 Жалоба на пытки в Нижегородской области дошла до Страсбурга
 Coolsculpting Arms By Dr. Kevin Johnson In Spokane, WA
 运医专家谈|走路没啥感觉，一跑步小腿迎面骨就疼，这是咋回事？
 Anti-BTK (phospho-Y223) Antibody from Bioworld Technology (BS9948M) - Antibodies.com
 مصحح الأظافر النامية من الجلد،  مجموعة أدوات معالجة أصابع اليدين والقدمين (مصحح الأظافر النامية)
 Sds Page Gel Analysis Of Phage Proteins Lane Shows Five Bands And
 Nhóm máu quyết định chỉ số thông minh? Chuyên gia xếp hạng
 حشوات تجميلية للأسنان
⁂
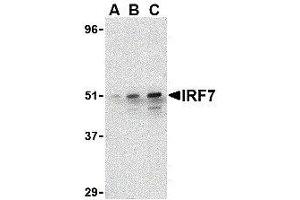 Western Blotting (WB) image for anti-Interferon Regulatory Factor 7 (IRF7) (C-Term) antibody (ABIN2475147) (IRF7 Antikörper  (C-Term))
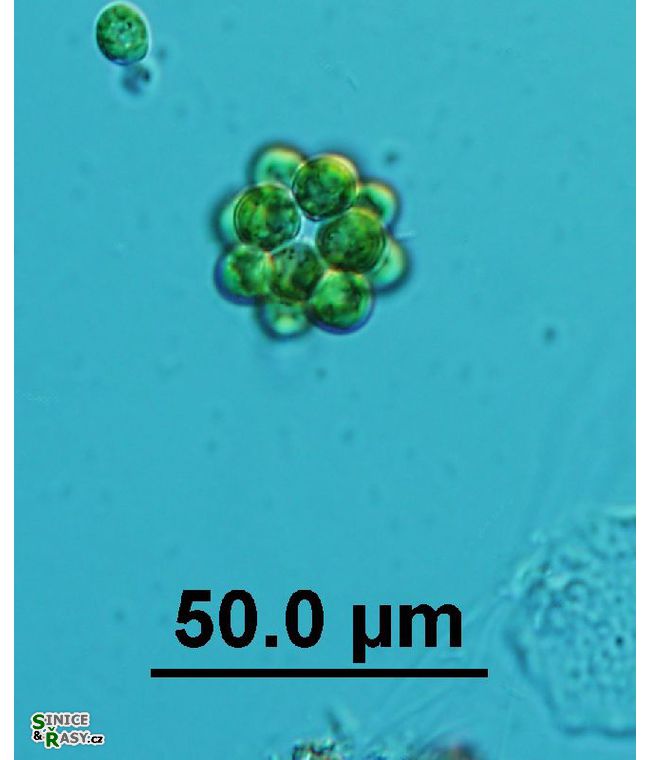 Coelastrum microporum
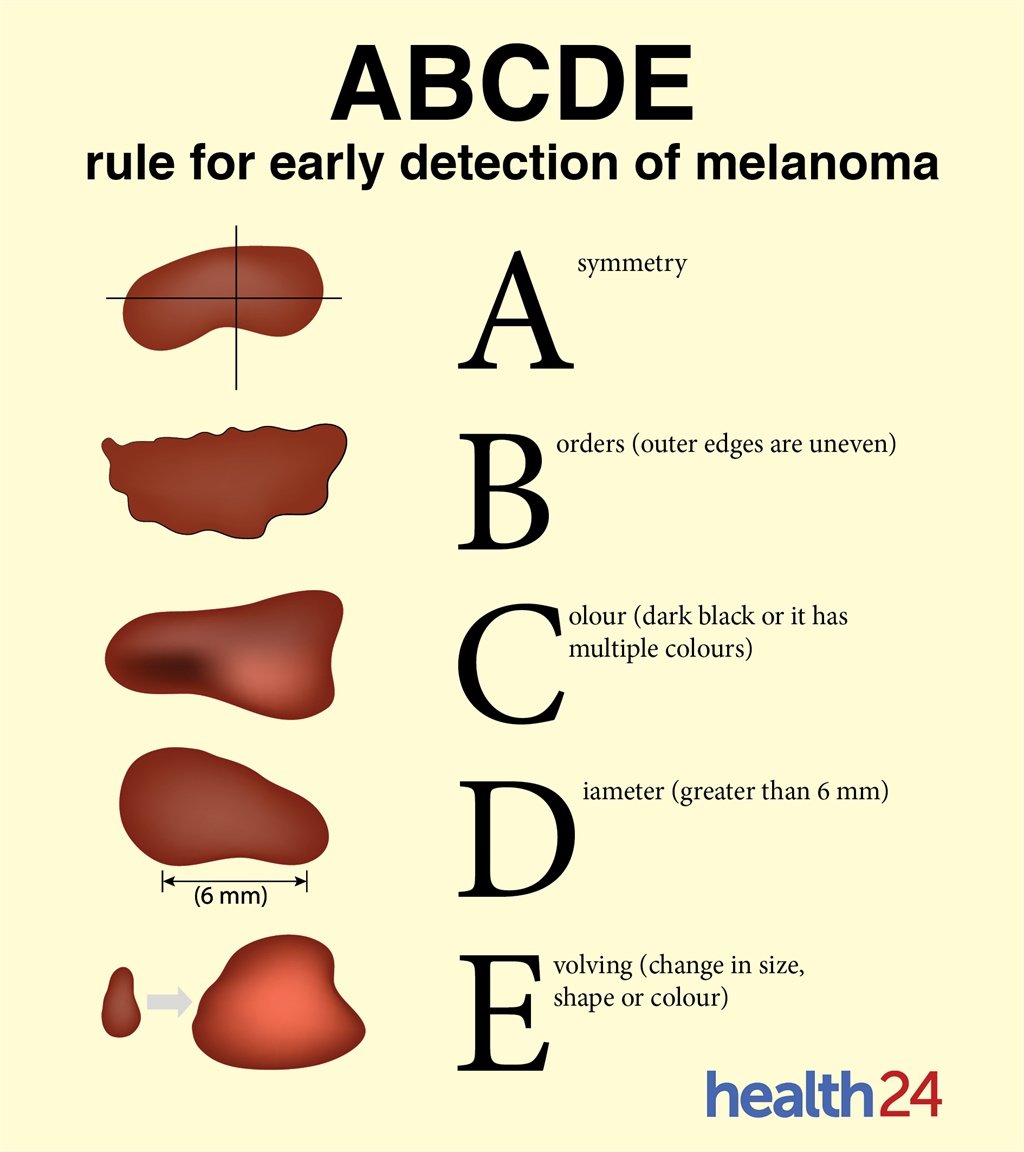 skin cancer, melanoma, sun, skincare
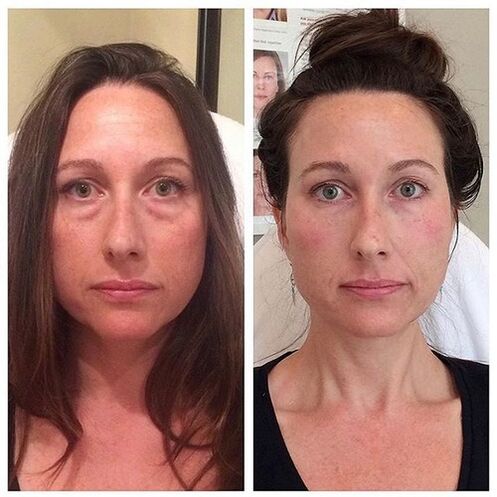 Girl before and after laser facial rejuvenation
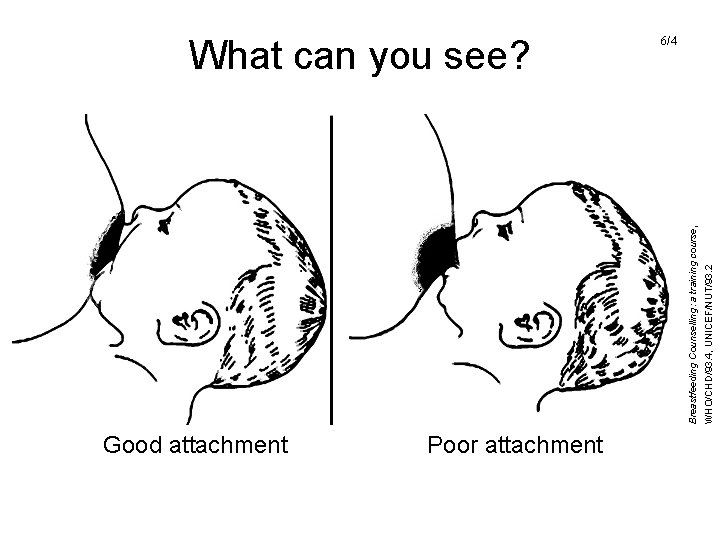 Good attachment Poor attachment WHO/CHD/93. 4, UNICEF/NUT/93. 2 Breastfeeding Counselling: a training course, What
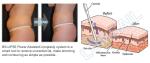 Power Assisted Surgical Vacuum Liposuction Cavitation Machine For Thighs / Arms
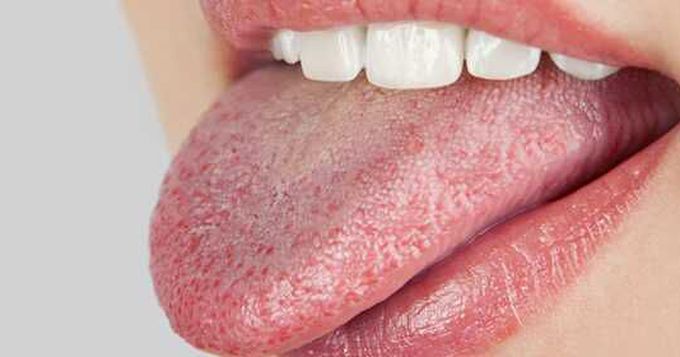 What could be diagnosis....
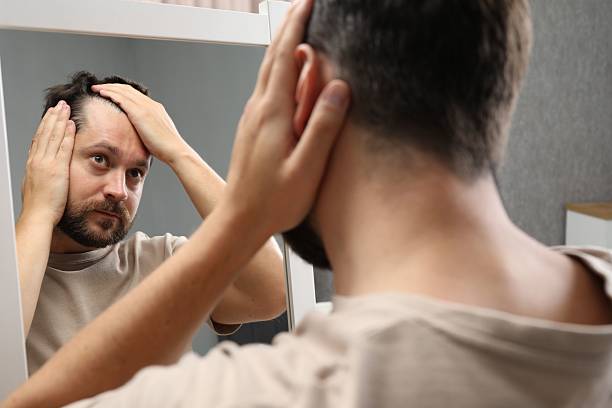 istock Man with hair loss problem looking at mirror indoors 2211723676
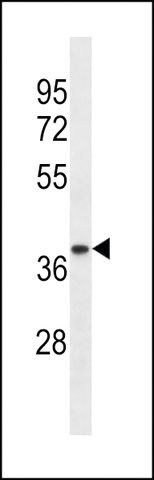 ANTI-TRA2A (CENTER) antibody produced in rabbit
⁂
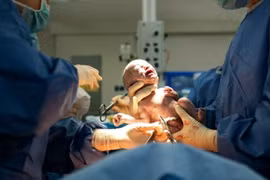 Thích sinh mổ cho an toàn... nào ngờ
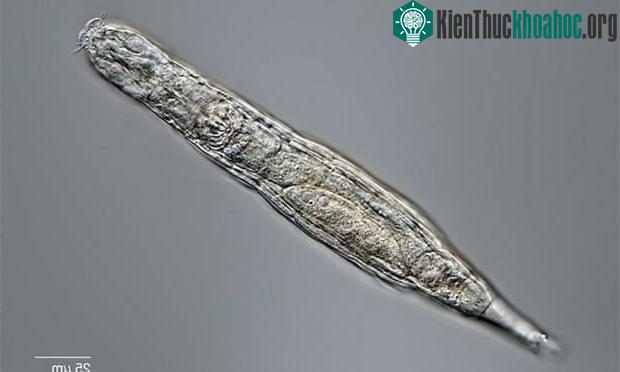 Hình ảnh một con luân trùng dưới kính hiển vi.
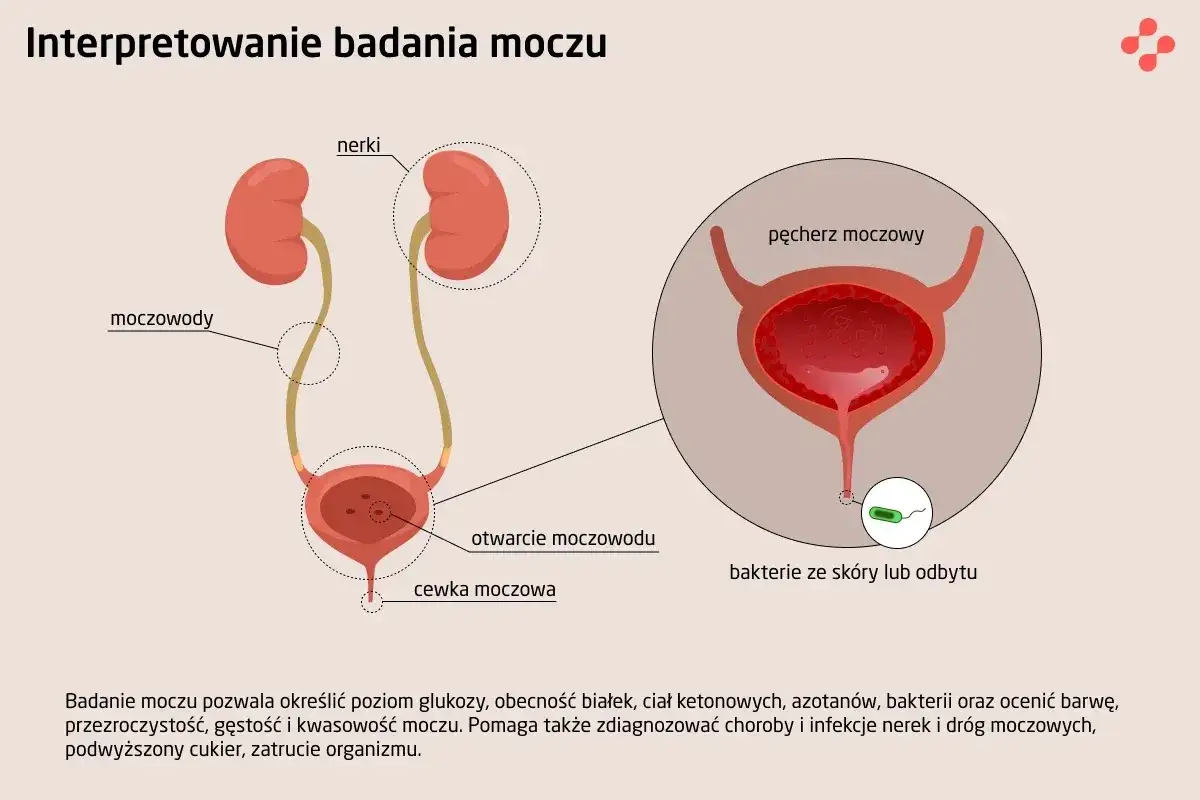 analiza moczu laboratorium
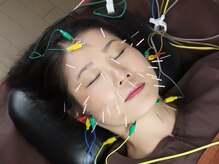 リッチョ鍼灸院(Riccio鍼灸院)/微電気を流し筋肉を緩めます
⁂
Using the records above, set down exactly the lines from the one with "Жалоба на пытки" through the one with "حشوات تجميلية للأسنان", inclusive, and nothing more.

 Жалоба на пытки в Нижегородской области дошла до Страсбурга
 Coolsculpting Arms By Dr. Kevin Johnson In Spokane, WA
 运医专家谈|走路没啥感觉，一跑步小腿迎面骨就疼，这是咋回事？
 Anti-BTK (phospho-Y223) Antibody from Bioworld Technology (BS9948M) - Antibodies.com
 مصحح الأظافر النامية من الجلد،  مجموعة أدوات معالجة أصابع اليدين والقدمين (مصحح الأظافر النامية)
 Sds Page Gel Analysis Of Phage Proteins Lane Shows Five Bands And
 Nhóm máu quyết định chỉ số thông minh? Chuyên gia xếp hạng
 حشوات تجميلية للأسنان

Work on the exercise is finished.